Yesterday was the first day of autumn....everyone out of your chairs. A little 'happy dance' action is in order!!!!!!!
I love the fall!!! Actually, I love the winter just as much!! The leaves turning colors, and eventually falling to cover the ground in a crunchy carpet. Cooler days and chilly nights. Halloween candy on the grocery store display shelves. Being able to have a campfire, and actually standing around it for the warmth. Waking up when you've left your windows open during the night, and feeling the chill in the air outside the warmth of your blankets. Blue jeans and sweatshirts....eventually giving way to coats, and gloves. The absolute quiet that exists when you go outside after the sun has gone down...and it's snowing.
I love it all!!!!
Most of the people I hang out with, on the other hand, can't stand it. I wish we got enough snow to make buying a pair of snow shoes worth it. Wish we got enough, to justify buying a set of cross country skies. My friends wish for 80 degree days and shorts.
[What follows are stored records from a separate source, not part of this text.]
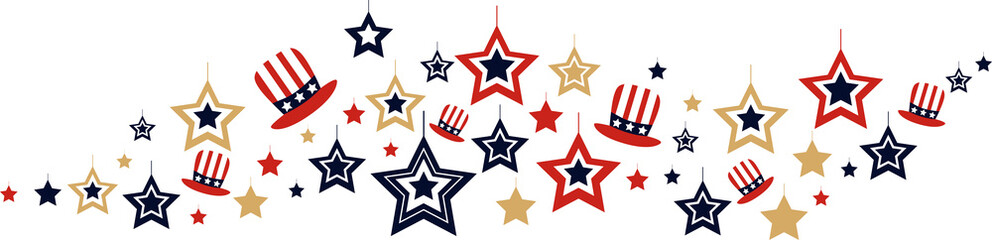 Obraz premium Decoration for holidays. Modern minimal design. Transparent background.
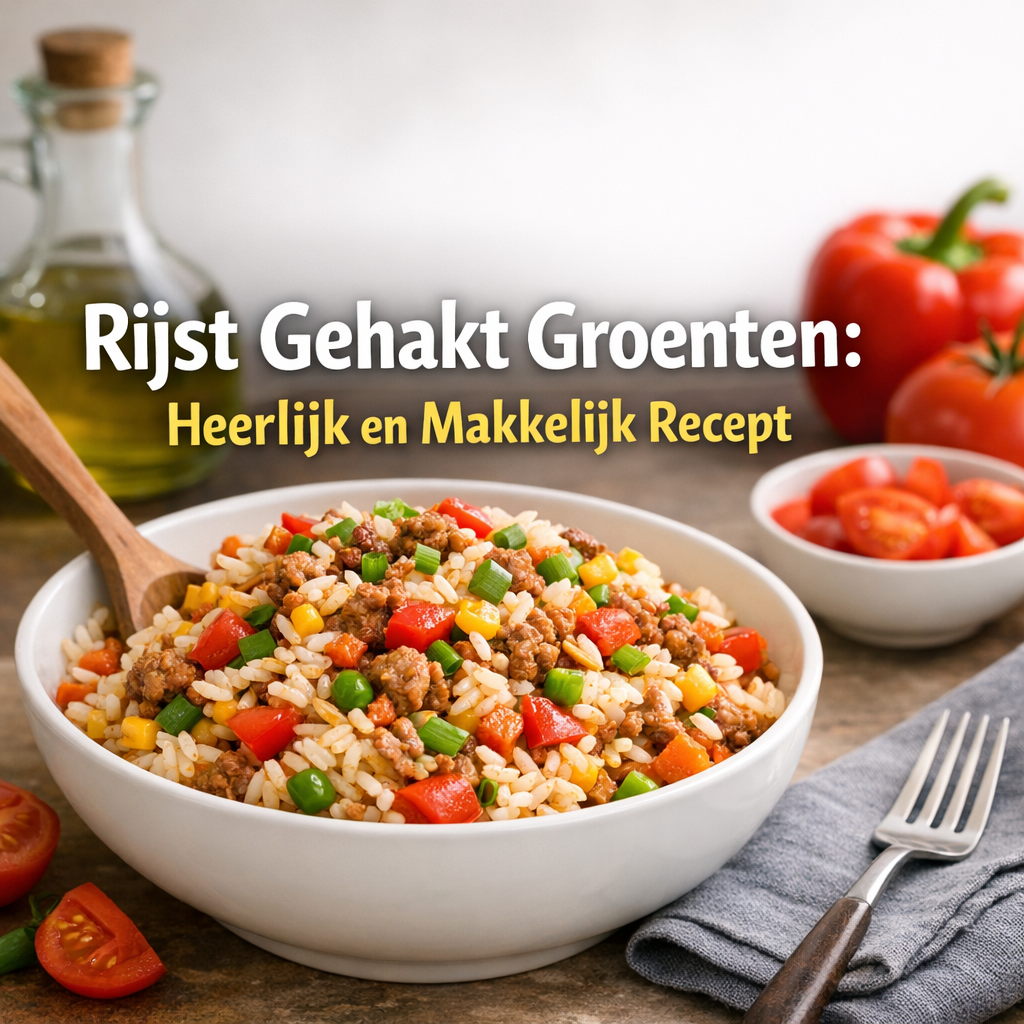 Illustration of Rijst Gehakt Groenten: Heerlijk en Makkelijk Recept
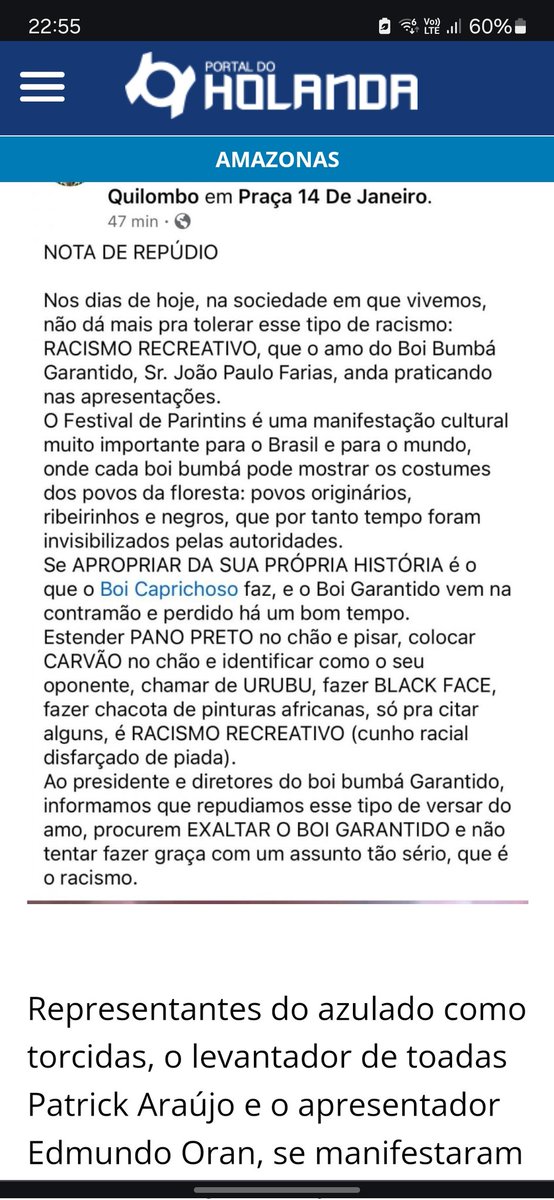 Acho que alguém que faz isso já se acha superior e usa o "povo" sempre. Amo do garantido tá cheio de bolas 😅 #Parintins2024NaACritica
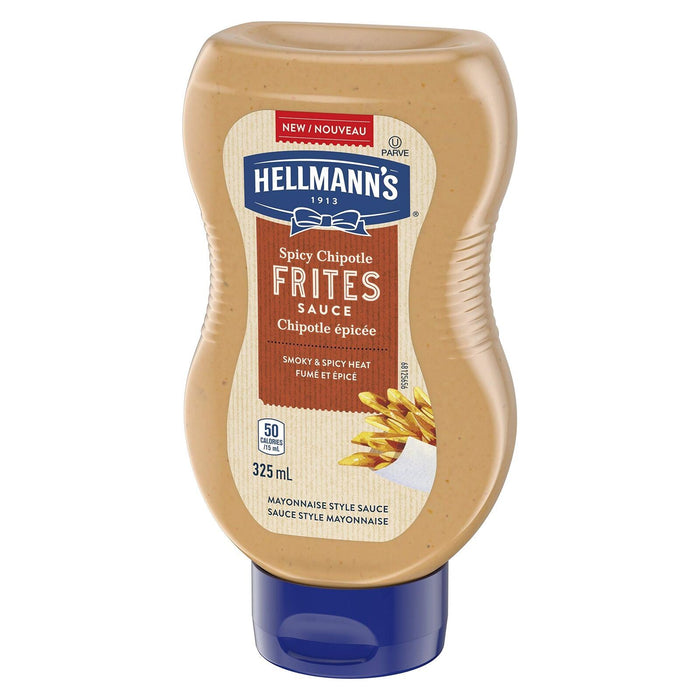 Hellmann's Spicy Chipotle Frites Mayo Sauce, 325ml/11oz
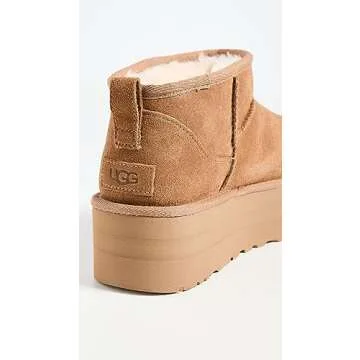 UGG Women's Classic Ultra Mini Platform Boot, Chestnut, 9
They hope we have snow on the ground Christmas morning, only to disappear in time to drive to grandma's house for dinner later that night.
I also love that we don't get too much snow...because it means I can still get out and do allot of the things I love to do. I can still hike the trails of the Loess Hills and, actually, see quite a bit MORE without leaves on the trees.
But.....the one thing I hate about the fall and winter.......darkness. I hate sitting at work, watching the sun go down before I leave. I hate having to use the headlights of my car on the way to AND from work. I hate never seeing my house in color....only seeing it in the "black and white" of darkness.
There are people that take advantage of the winter months, to accomplish things inside their homes. I would love to be one of those people. But, as the sun goes down, so does any motivation I might possess during the day. Imagine my 'spunk' being measured on the fuel gauge of a car. As the sun goes below "E", so does my yearning to accomplish anything...other than eating, sleeping, and dreaming it was light out.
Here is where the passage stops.